Dereck Chisora and David Haye’s press conference punch-up is a world away from the noble art of boxing former fighter and promoter Ron Gray has known all his life, writes Enda Mullen
Anyone involved in boxing in Britain is sure to know Ron Gray.
The Cannock-based businessman has a lifelong association with the sport that began as a promising young boxer, who turned professional at the age of just 16.
He was a fighter on the bill of both title fights between Muhammad Ali and Henry Cooper in 1963 and 1966 and he went on to enjoy a successful career as a manager and promoter.
This year his company, Grays Promotions, celebrates 38 years in business and while Mr Gray admits he is enjoying being involved as much as ever, the fracas between Dereck Chisora and David Haye at the weekend left more than a bad taste in his mouth.
“It was disgraceful,” he said, “they disgraced British boxing.
“Think of the years of Henry Cooper and other people building up the boxing game and giving it a good name – and two people like that can lose it over a weekend.
“They should definitely be banned and I would stop every penny of Chisora’s money.
“They should give the manager his 25 per cent, as he hasn’t done anything wrong, and the 75 per cent that’s left should be given to the Boxing Board Benevolent Fund to do good out of the bad to help ex-boxers in bad times. He should end up with nothing and shouldn’t be allowed to box again.”
Mr Gray is equally damning of Haye for his part in the debacle.
“The other fellow shouldn’t even have been there,” he said. “All he was doing there was promoting himself and he aggravated Chisora with his comments. You want an impartial view commentating and that was diabolical.
“I know they can’t do much to him as he doesn’t hold a licence but they could put a massive fine on so if he does apply for it again he has to pay it.
“But Chisora is a loose cannon and I think it is going to happen every time he fights.
“I don’t think the boxing game needs that. It needs champions that young people can look up to like Muhammad Ali and Henry Cooper.”
Mr Gray has fond memories of both Ali and Cooper, though he feels Ali was treated appallingly by his home country.
”I remember meeting Ali a few times and he was lovely,” he said.
“But he went back home as an Olympic champion and was turned out of a restaurant.
“The US was the most powerful country in the world yet they were still living like that – it was disgraceful. He could come to this country, walk wherever he wanted to and do whatever he wanted to.
“But who knows, he might have been president today if his health hadn’t deteriorated.
“He made boxing. People go on about Tyson but he would have destroyed him – he wouldn’t even have hit him. Tyson never did it for me. He was a great fighter but in a poor era. You know what they say, ‘in the land of the blind the man with one eye is king’.”
Following his own boxing career Mr Gray went into management and promoting. At various stages he had the biggest stable of fighters in the Midlands, managed a fighter at every weight and managed Pat Cowdell for a world title fight.
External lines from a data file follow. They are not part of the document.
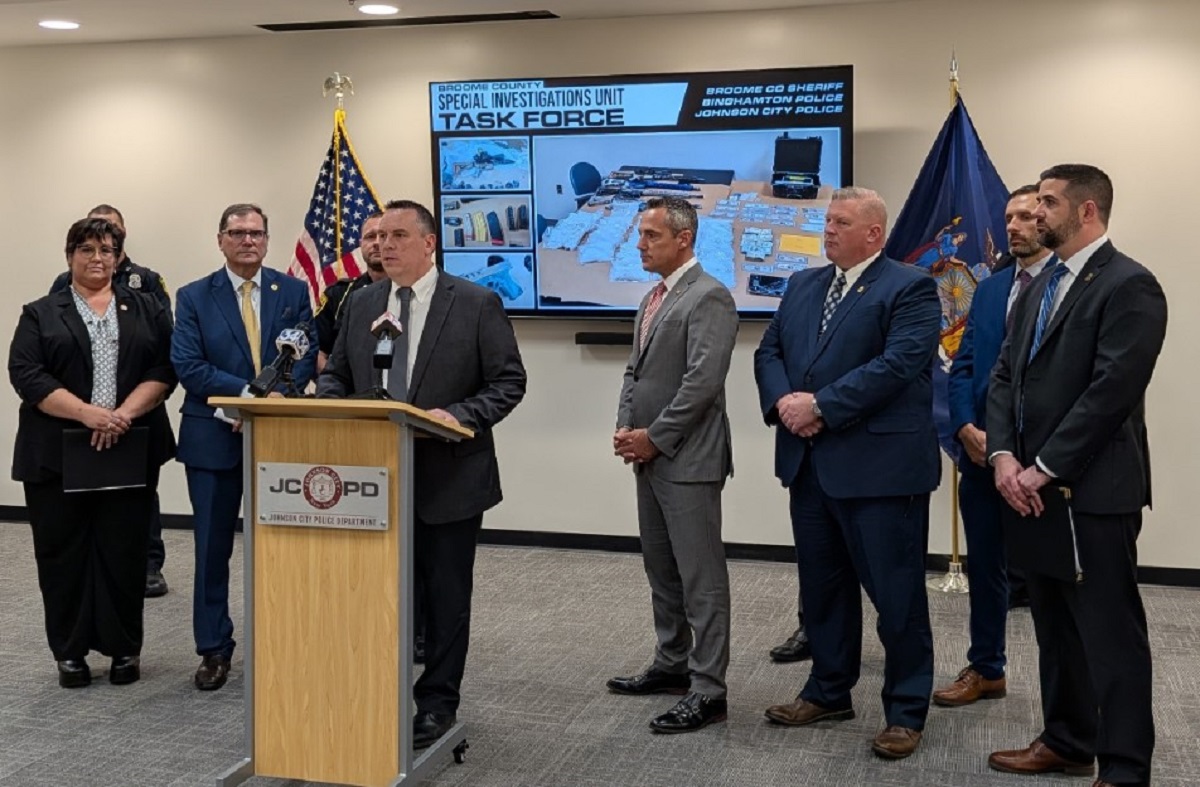 A man in a dark suit speaks at a wooden podium during a police press conference, with six other officials in suits standing behind him; flags flank the group and a large screen labeled 'Task Force' shows seized items.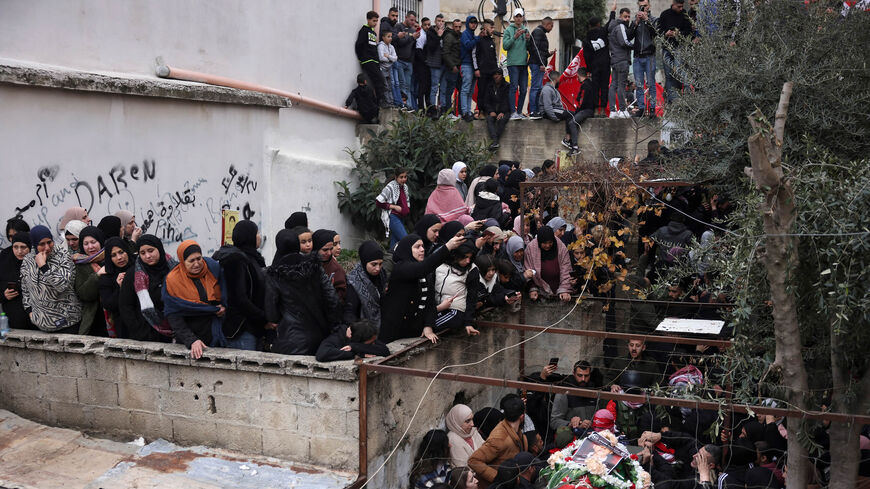 Mourners attend the funeral of Omar Khmour, 14, in the Dheisheh refugee camp, Bethlehem, West Bank, Jan. 16, 2023.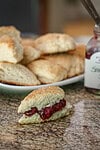 Fresh cherry jam sandwiched between two fluffy biscuits.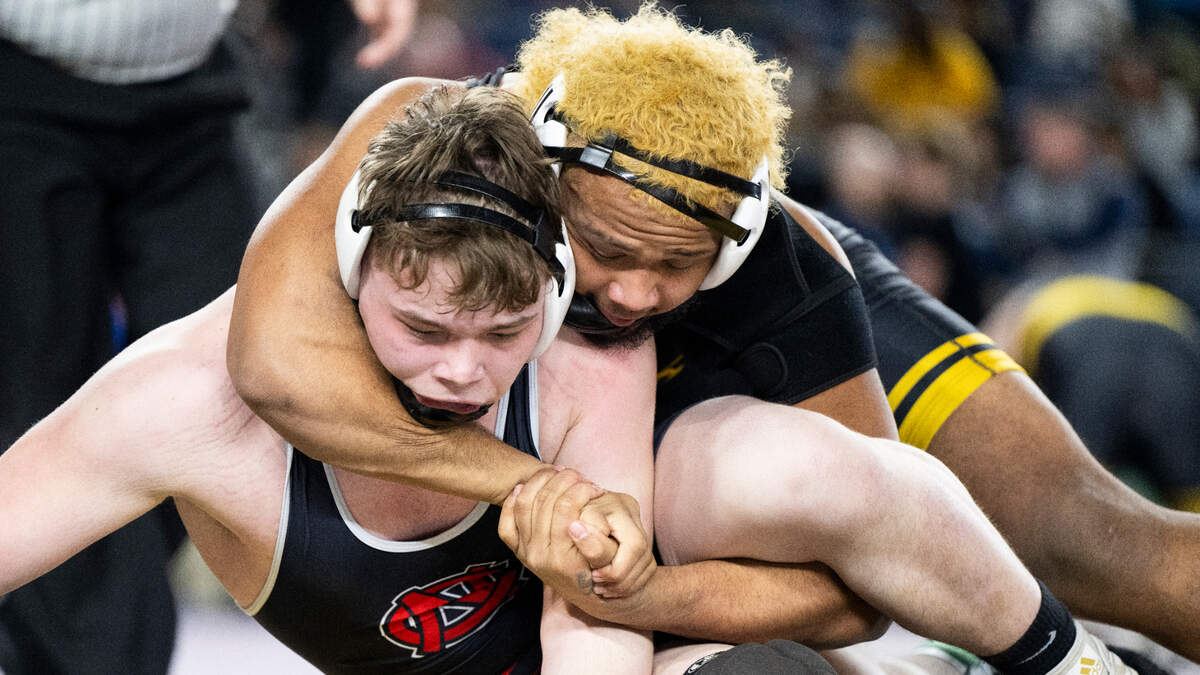 Lincoln’s Dre Tarrant Sio-Fetaui cradles North Central’s Jacob Sanchez during day 1 of the Mat Classic XXXVI at the Tacoma Dome, on Thursday, Feb. 20, 2025, in Tacoma, Wash.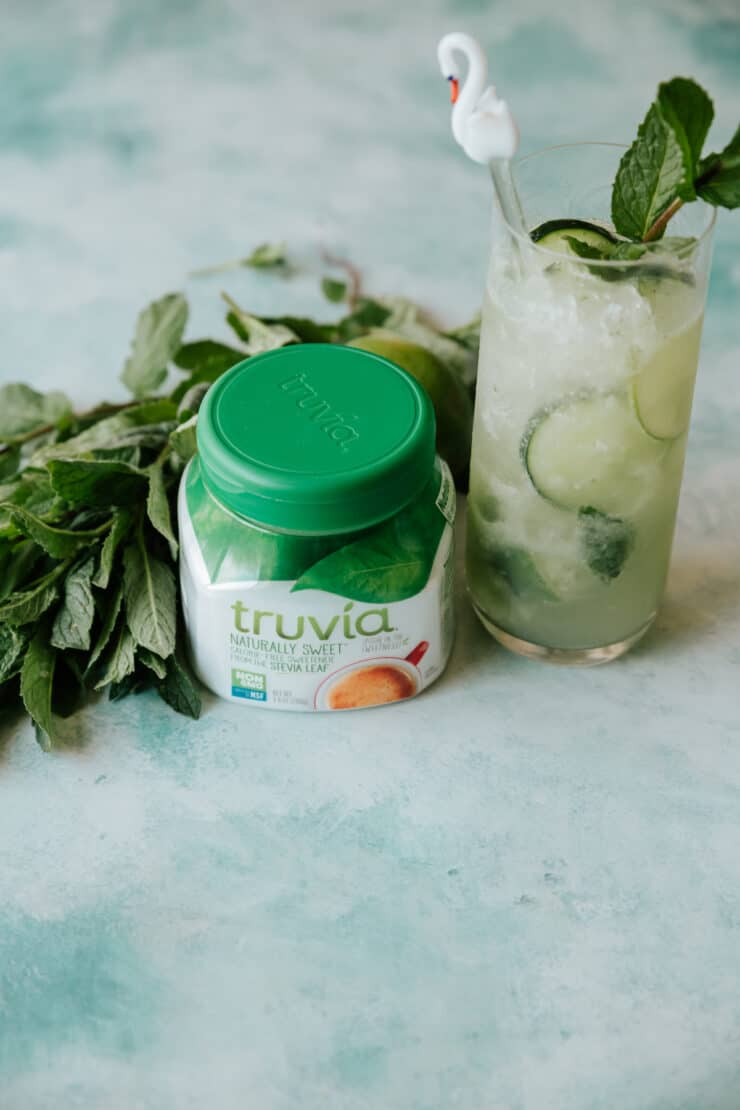 cucumber mint mojito on a table with a container of truvia original sweetener and a bunch of fresh mint.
He has also been involved in promoting fights featuring some of the world’s greats including Nigel Benn, Alan Minto, Frank Bruno, Tim Witherspoon and Joe Bugner.
These days Grays Promotions concentrates on organising corporate sporting lunches for businessmen. “I had an angina attack and had to have a stent fitted, so after 25 years promoting I thought I’d better leave it to the younger fellows,” said Mr Gray.
The Gentlemen’s Friday Club, which takes place four times a year at Birmingham’s Novotel Hotel is invariably a sell-out way in advance. The events feature a well-known speaker from the sporting world, usually connected with boxing but sometimes football or another sport, as well as a comedian.
These days Mr Gray is helped by his son Steve, who joined the business in 2000 as part of a drive to target the business community.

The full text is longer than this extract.